More important, however, the company is following a new operating recipe designed to reverse the margin contraction and earnings declines that have pulled the shares down 13% from last fall's peak. In addition to cost-cutting, it wants to slow the growth of some of its more mature brands while pushing harder on its newer, faster-growing chains. Some think the company isn't going far enough and that more changes could unlock a roughly 35% gain in the stock over the next year or two.

Darden (ticker: DRI) took pains to tamp down expectations at a February analyst meeting. By last week's report, analysts expected the company to report $1.01 a share, down from the $1.13 a share they'd been anticipating prior to the sessions with the company. Similarly, analysts now project fiscal 2013 earnings of $3.16 a share, down from about $4.10 a year ago.

Encouragingly, investors chose to focus on the fact that the fiscal third-quarter results were a penny better than the lowered forecasts. They also took note when executives alluded to recent comments from industry tracker Malcolm Knapp, who has been upbeat about March results at U.S. restaurants. That would be a welcome break from February, when casual-dining restaurant sales were down 5.4% industrywide, hurt by higher payroll taxes, poor weather, and higher gas prices.

 

Orlando, Fla.–based Darden gets the largest share of its revenue from Olive Garden, whose 818 restaurants contribute 44% of sales. The chain's falling same-stores sales were a concern when we wrote positively about the company a year and a half ago ("Darden Offers Investors a Tasty Treat," Nov. 14, 2011), and they remain a worry today. Red Lobster, with 705 outlets, kicks in 32% of revenues, and LongHorn's 416 restaurants generate 14% of revenue. The latter have held their market positions.

Darden is working to turn around its largest brands by limiting the extent of menu-price increases and reducing the number of new restaurants. For example, Olive Garden will open 15 new stores in fiscal 2014, down from 36 this year. The company already has kicked off a cost-cutting program that has resulted in about $130 million in annual savings, which will grow to $170 million to $195 million a year.

Simultaneously, Darden wants to promote its smaller, lesser-known but faster-growing brands. In addition to Yard House, they include Bahama Breeze, Eddie V's, Capital Grille, and Seasons 52. With mostly positive same-store sales and room to open new restaurants, the specialty group now has 168 restaurants that represent about 10% of sales.


   The Bottom Line

If Darden cuts menu prices and costs, its shares could rise 35% to $66.

 

"We're...reshaping our portfolio to increase the size and contribution of the specialty-restaurant group, which is something that broadens our guest and occasion base," said CEO Clarence Otis on Friday's call. "We think we're well positioned as an organization, given the strength of our brands, the collective experience and expertise we have, and the operating cash flows we have, to make the changes that are needed."

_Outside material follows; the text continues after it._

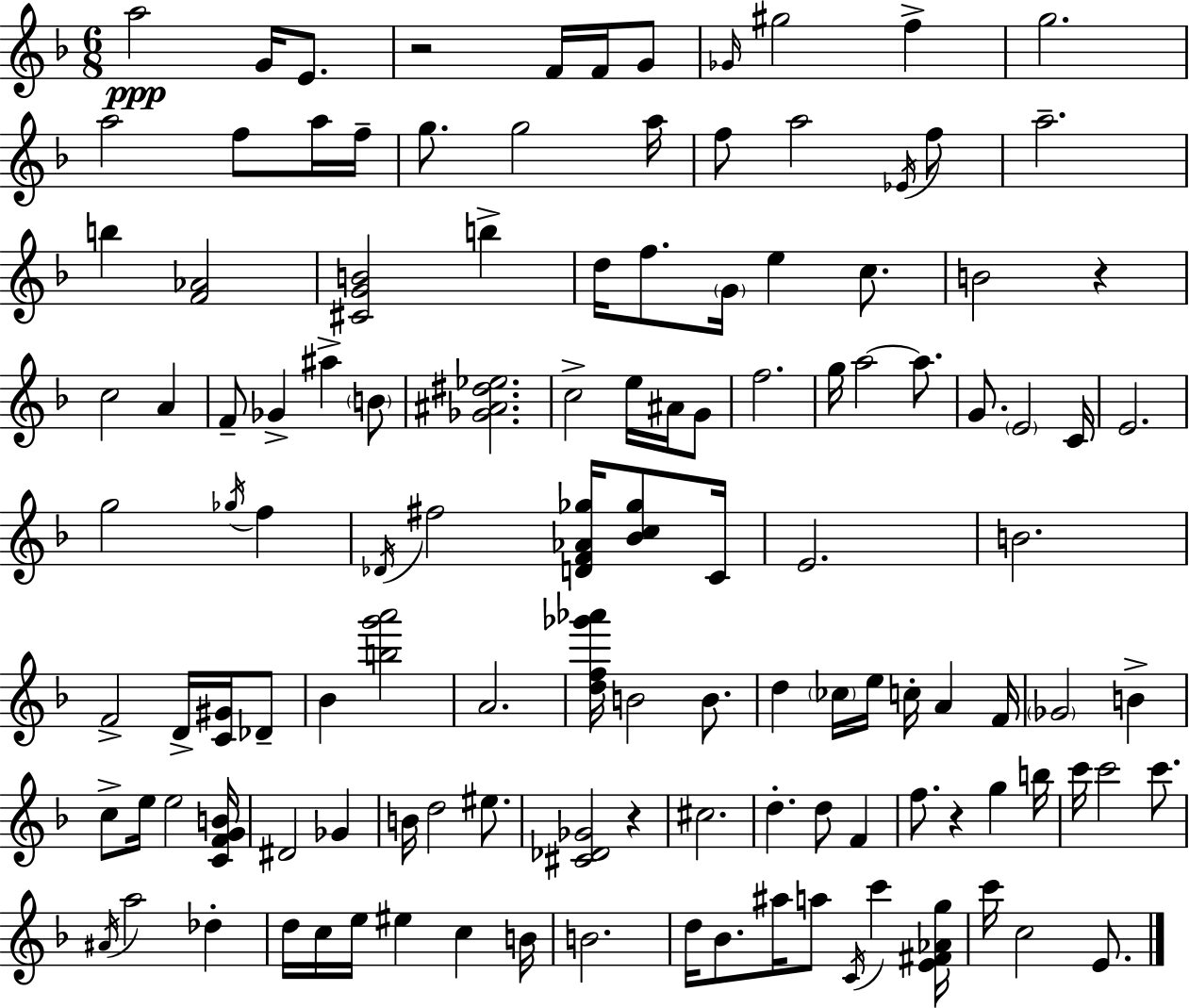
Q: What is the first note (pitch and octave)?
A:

There's more to do, argues Howard Penney, a managing director and restaurant analyst at Hedgeye Risk Management, who correctly called the stock's decline earlier this year and now believes that the shares are worth $66 apiece, sharply north of today's $49 share price.

 

Limiting the rise in prices for an average dinner isn't enough. Prices must come down, Penney argues, as well as costs. "Either the current management team makes [big changes], or I think someone will come in and force them to do so or push them out," Penney says.

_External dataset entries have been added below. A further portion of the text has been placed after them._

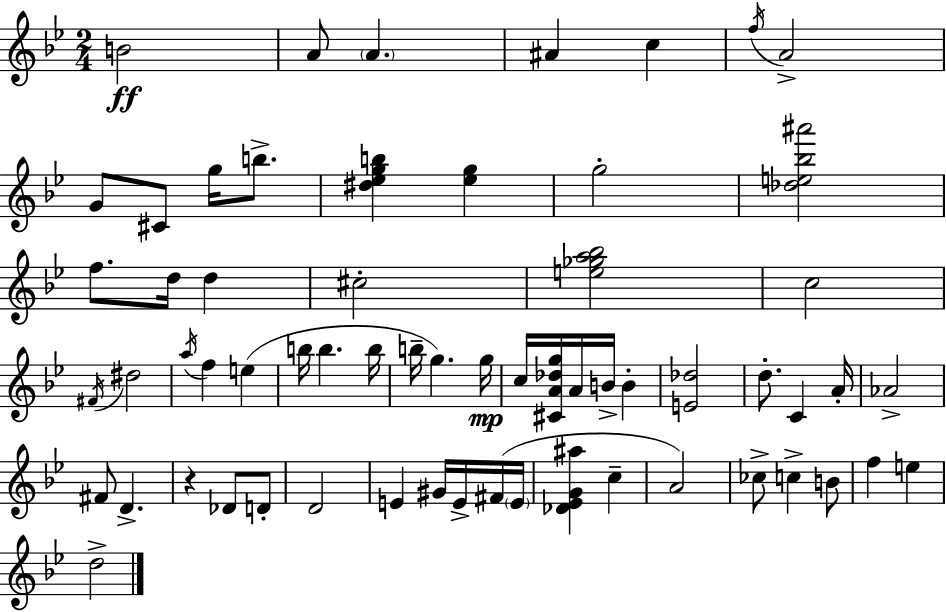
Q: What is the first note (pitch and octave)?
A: B4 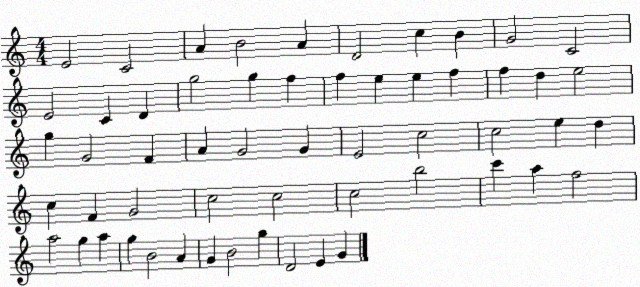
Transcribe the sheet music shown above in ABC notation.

X:1
T:Untitled
M:4/4
L:1/4
K:C
E2 C2 A B2 A D2 c B G2 C2 E2 C D g2 g f f e e f f d e2 g G2 F A G2 G E2 c2 c2 e d c F G2 c2 c2 c2 b2 c' a f2 a2 g a g B2 A G B2 g D2 E G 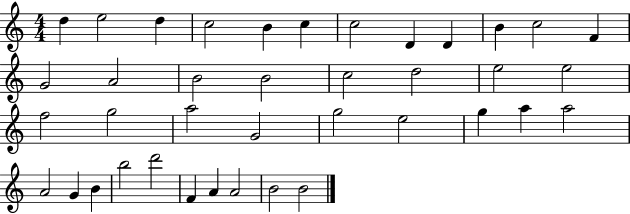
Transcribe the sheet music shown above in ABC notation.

Aside from posting better earnings, Darden could have other appeals for shareholders. It could be an attractive target for a private-equity investor or activist manager because it throws off strong cash flows—an estimated $950 million this year. Cash flows support a $2 a share dividend, which equates to a 4% yield, among the few payouts in the industry (see table); the company confirmed on Friday that it plans to increase the payout. Darden also owns the land and buildings for 55% of its restaurants, which Penney values at $20 a share. His sum-of-the-parts valuation concludes that the company is worth $66 a share.

Turnarounds are often messy, and they usually take longer than expected to emerge from the kitchen. But properly prepared, a transformation could make Darden shares an appetizing meal.